● To do: This calls for a word-for-word copy of all the data, with each picture removed.

● Supplied information:
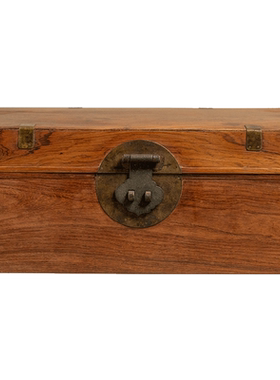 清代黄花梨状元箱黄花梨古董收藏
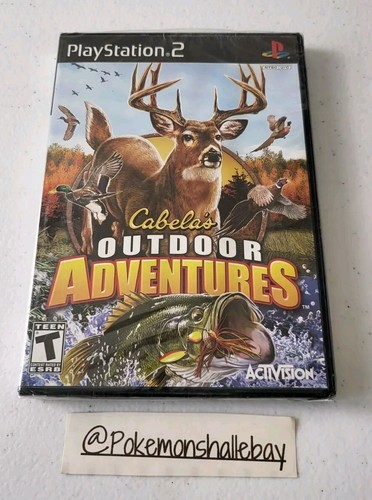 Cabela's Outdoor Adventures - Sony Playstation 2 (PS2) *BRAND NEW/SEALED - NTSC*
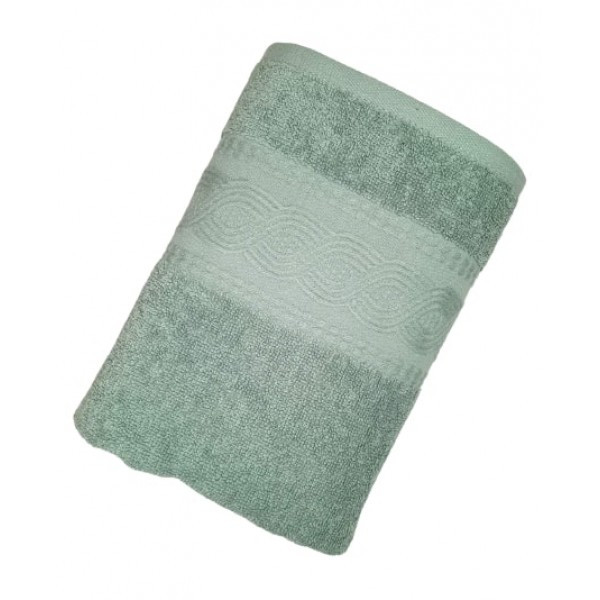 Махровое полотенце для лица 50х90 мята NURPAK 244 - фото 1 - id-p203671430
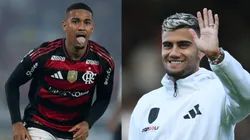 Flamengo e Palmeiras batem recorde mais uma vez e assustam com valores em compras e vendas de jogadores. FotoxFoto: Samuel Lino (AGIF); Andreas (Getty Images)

● Result:
 清代黄花梨状元箱黄花梨古董收藏
 Cabela's Outdoor Adventures - Sony Playstation 2 (PS2) *BRAND NEW/SEALED - NTSC*
 Махровое полотенце для лица 50х90 мята NURPAK 244 - фото 1 - id-p203671430
 Flamengo e Palmeiras batem recorde mais uma vez e assustam com valores em compras e vendas de jogadores. FotoxFoto: Samuel Lino (AGIF); Andreas (Getty Images)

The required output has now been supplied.